| Given records |

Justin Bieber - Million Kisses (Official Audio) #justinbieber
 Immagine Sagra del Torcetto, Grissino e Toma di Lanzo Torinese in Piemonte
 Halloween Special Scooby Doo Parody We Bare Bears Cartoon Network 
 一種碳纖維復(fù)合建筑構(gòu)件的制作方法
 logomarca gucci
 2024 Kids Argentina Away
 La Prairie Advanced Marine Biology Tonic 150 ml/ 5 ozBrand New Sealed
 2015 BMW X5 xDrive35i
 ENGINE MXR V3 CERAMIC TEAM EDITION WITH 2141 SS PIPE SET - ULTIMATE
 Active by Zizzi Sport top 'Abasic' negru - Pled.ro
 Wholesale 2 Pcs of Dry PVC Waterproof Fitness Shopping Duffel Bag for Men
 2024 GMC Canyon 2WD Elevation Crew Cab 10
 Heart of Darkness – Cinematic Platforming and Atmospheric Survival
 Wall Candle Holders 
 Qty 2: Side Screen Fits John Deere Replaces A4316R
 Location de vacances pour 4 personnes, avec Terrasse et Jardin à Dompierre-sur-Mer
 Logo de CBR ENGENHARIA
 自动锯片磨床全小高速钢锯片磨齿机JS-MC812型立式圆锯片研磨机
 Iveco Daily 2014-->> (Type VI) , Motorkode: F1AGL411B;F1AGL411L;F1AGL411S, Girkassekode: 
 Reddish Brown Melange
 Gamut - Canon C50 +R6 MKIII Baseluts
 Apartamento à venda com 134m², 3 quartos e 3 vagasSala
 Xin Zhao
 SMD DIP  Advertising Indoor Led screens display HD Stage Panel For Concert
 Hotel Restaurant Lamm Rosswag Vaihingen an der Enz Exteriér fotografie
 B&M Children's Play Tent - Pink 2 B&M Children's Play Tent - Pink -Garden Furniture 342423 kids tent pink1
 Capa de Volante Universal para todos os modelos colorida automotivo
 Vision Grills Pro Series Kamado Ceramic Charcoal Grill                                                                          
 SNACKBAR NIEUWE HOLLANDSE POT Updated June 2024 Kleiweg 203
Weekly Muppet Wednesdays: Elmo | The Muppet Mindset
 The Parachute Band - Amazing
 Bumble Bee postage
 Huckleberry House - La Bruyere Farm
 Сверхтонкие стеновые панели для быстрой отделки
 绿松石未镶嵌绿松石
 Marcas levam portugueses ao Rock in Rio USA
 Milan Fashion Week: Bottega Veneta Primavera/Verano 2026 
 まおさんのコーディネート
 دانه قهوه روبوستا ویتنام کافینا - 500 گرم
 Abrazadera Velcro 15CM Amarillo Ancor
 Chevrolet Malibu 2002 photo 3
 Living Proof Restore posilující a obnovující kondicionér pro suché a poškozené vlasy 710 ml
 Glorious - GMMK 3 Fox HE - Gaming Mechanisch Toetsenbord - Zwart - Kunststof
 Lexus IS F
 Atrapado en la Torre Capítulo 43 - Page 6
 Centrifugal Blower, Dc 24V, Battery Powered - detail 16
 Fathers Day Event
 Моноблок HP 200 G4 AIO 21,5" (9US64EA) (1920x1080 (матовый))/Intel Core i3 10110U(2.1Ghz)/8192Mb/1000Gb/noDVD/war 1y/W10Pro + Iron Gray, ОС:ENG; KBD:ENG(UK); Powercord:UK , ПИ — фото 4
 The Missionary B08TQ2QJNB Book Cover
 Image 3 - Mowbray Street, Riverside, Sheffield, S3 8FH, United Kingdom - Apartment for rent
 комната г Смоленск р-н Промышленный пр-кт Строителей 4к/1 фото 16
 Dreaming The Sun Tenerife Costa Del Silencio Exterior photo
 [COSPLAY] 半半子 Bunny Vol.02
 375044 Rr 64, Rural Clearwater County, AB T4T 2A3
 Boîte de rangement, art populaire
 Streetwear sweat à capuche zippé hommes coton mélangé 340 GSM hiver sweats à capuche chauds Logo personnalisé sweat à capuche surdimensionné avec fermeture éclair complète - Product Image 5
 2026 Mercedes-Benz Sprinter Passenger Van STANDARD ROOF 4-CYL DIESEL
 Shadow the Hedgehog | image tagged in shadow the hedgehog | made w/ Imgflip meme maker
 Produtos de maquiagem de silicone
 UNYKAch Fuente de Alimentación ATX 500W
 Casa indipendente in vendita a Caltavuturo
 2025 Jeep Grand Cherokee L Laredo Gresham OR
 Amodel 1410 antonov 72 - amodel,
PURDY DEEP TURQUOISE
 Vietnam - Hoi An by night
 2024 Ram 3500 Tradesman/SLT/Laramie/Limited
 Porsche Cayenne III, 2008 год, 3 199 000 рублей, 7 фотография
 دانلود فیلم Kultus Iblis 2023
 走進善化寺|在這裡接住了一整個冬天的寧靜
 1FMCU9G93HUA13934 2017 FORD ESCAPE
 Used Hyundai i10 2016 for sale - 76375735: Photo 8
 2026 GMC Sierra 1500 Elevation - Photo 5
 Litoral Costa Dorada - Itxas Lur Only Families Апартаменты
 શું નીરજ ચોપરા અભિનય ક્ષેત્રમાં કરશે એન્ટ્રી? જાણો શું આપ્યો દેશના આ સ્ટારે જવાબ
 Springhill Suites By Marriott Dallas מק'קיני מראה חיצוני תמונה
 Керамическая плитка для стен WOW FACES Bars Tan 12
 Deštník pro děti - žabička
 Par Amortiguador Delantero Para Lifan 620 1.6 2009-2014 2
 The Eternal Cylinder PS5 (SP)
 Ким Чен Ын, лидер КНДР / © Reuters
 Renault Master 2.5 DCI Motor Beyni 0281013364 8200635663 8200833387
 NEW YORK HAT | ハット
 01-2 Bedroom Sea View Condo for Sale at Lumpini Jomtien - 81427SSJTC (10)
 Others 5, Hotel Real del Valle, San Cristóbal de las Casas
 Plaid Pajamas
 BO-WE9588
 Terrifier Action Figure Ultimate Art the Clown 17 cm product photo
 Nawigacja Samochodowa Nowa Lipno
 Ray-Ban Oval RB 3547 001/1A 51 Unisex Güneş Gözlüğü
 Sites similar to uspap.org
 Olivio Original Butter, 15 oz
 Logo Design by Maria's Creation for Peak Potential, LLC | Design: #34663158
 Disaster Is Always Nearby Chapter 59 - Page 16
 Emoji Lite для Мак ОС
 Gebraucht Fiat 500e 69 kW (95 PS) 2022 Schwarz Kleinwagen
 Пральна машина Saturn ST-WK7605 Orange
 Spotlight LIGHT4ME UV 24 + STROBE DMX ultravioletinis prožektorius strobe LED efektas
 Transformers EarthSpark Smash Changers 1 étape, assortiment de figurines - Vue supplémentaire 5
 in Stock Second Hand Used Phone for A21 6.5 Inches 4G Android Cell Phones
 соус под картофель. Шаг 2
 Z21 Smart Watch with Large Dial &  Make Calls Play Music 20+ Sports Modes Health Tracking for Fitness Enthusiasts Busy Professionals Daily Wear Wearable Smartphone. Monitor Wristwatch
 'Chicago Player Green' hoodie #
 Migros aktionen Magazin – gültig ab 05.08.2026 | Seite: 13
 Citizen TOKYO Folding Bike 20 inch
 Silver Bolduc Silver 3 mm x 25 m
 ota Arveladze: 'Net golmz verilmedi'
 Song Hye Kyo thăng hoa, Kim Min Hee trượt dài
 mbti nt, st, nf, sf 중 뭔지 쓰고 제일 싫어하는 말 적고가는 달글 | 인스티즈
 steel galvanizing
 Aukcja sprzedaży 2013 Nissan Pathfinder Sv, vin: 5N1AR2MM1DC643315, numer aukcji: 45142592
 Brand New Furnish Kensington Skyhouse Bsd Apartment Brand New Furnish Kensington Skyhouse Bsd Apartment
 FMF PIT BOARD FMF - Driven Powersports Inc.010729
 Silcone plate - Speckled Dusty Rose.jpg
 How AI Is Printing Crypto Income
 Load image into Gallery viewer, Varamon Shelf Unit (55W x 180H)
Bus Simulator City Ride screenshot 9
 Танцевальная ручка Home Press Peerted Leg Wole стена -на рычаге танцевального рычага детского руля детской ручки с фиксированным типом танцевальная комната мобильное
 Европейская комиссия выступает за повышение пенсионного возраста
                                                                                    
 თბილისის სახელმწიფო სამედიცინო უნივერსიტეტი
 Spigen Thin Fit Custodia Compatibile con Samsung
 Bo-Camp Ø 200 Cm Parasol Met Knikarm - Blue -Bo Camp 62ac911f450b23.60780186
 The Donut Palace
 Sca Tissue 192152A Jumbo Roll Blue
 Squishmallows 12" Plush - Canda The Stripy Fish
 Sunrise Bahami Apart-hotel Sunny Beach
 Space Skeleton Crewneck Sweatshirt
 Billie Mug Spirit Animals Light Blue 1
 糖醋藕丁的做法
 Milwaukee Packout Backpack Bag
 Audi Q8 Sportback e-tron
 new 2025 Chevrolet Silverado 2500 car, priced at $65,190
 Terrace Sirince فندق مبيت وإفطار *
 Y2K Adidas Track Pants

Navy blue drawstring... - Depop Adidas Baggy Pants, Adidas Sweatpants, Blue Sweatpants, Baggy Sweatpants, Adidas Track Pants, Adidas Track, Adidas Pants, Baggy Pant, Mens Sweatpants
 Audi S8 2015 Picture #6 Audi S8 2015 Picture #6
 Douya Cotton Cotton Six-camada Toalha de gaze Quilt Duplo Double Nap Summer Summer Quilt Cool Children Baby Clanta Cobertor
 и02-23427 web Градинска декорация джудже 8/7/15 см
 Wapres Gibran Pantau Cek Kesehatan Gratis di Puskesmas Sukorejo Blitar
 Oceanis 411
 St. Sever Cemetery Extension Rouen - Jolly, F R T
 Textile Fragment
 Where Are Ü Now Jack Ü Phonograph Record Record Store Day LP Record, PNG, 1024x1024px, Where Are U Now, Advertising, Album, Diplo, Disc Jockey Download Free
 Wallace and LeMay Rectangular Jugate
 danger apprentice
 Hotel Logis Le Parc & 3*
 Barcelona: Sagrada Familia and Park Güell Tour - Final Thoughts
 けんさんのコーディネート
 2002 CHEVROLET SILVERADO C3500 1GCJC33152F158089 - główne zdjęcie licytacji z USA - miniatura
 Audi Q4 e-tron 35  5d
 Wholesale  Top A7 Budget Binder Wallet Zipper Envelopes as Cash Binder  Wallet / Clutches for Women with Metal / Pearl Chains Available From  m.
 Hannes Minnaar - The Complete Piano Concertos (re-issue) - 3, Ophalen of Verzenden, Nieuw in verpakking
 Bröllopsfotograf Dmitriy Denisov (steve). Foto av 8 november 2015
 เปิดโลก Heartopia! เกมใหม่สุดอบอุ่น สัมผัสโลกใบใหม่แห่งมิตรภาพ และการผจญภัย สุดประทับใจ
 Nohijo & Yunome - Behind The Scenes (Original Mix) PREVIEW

| Problem to work on |
The required output is the stretch of entries above from the line containing "B&M Children's Play Tent - Pink 2" through the line containing "Amodel 1410 antonov", reproduced exactly.

| Solution |
 B&M Children's Play Tent - Pink 2 B&M Children's Play Tent - Pink -Garden Furniture 342423 kids tent pink1
 Capa de Volante Universal para todos os modelos colorida automotivo
 Vision Grills Pro Series Kamado Ceramic Charcoal Grill                                                                          
 SNACKBAR NIEUWE HOLLANDSE POT Updated June 2024 Kleiweg 203
Weekly Muppet Wednesdays: Elmo | The Muppet Mindset
 The Parachute Band - Amazing
 Bumble Bee postage
 Huckleberry House - La Bruyere Farm
 Сверхтонкие стеновые панели для быстрой отделки
 绿松石未镶嵌绿松石
 Marcas levam portugueses ao Rock in Rio USA
 Milan Fashion Week: Bottega Veneta Primavera/Verano 2026 
 まおさんのコーディネート
 دانه قهوه روبوستا ویتنام کافینا - 500 گرم
 Abrazadera Velcro 15CM Amarillo Ancor
 Chevrolet Malibu 2002 photo 3
 Living Proof Restore posilující a obnovující kondicionér pro suché a poškozené vlasy 710 ml
 Glorious - GMMK 3 Fox HE - Gaming Mechanisch Toetsenbord - Zwart - Kunststof
 Lexus IS F
 Atrapado en la Torre Capítulo 43 - Page 6
 Centrifugal Blower, Dc 24V, Battery Powered - detail 16
 Fathers Day Event
 Моноблок HP 200 G4 AIO 21,5" (9US64EA) (1920x1080 (матовый))/Intel Core i3 10110U(2.1Ghz)/8192Mb/1000Gb/noDVD/war 1y/W10Pro + Iron Gray, ОС:ENG; KBD:ENG(UK); Powercord:UK , ПИ — фото 4
 The Missionary B08TQ2QJNB Book Cover
 Image 3 - Mowbray Street, Riverside, Sheffield, S3 8FH, United Kingdom - Apartment for rent
 комната г Смоленск р-н Промышленный пр-кт Строителей 4к/1 фото 16
 Dreaming The Sun Tenerife Costa Del Silencio Exterior photo
 [COSPLAY] 半半子 Bunny Vol.02
 375044 Rr 64, Rural Clearwater County, AB T4T 2A3
 Boîte de rangement, art populaire
 Streetwear sweat à capuche zippé hommes coton mélangé 340 GSM hiver sweats à capuche chauds Logo personnalisé sweat à capuche surdimensionné avec fermeture éclair complète - Product Image 5
 2026 Mercedes-Benz Sprinter Passenger Van STANDARD ROOF 4-CYL DIESEL
 Shadow the Hedgehog | image tagged in shadow the hedgehog | made w/ Imgflip meme maker
 Produtos de maquiagem de silicone
 UNYKAch Fuente de Alimentación ATX 500W
 Casa indipendente in vendita a Caltavuturo
 2025 Jeep Grand Cherokee L Laredo Gresham OR
 Amodel 1410 antonov 72 - amodel,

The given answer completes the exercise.